Secret Qom Facility? What's that?
So while president Obama may win an extra year for negotiations, Ayatollah Ali Khamenei and Mahmoud Ahmadinejad stand to gain another year to keep their programs ticking over until the next deadline and possibly take them all the way to a finished nuclear weapon.
This was not the outcome President Barack Obama conceived of when he delivered his strong address to the UN General Assembly on Sept. 25 or at his joint appearance in Pittsburgh the next day with French President Nicolas Sarkozy and British Prime Minister Gordon Brown, for the dramatic expose of a secret Iranian nuclear facility at Qom.
Then, Obama gave Iran an ultimatum of two weeks to reveal all its secret nuclear programs.

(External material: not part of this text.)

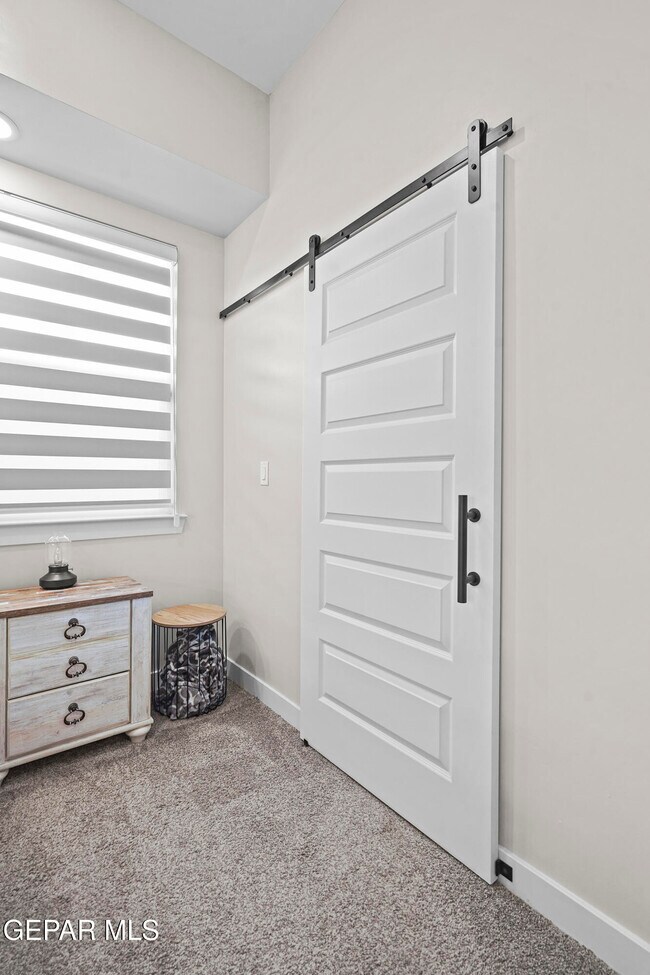 Building Photo - 620 Paseo Modesto Dr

A month later, after his wish for big-power negotiations with Iran came true, the US president is forced into an unwanted corner. Since the talks began, Iran's deceptions and concealed programs, including the Qom facility, no longer interest the world. The overriding trend now is to secure a uranium enrichment arrangement full of holes. The ElBaradei proposal leaves all the primary issues of Iran's program up in the air save for a deal to have Russia and France take over part of Iran's uranium enrichment processing.
Thursday, October 22, some administration circles nonetheless found much advantage in the proposal. One commented: “This is a win-win situation: Iran is permitted to retain its coveted 'right' to enrich uranium, while the US administration builds safeguards against the material's diversion to weapons production.”
According to a more sober view, the US failed to build safeguards in 2009. There is no guarantee it will do better in 2010.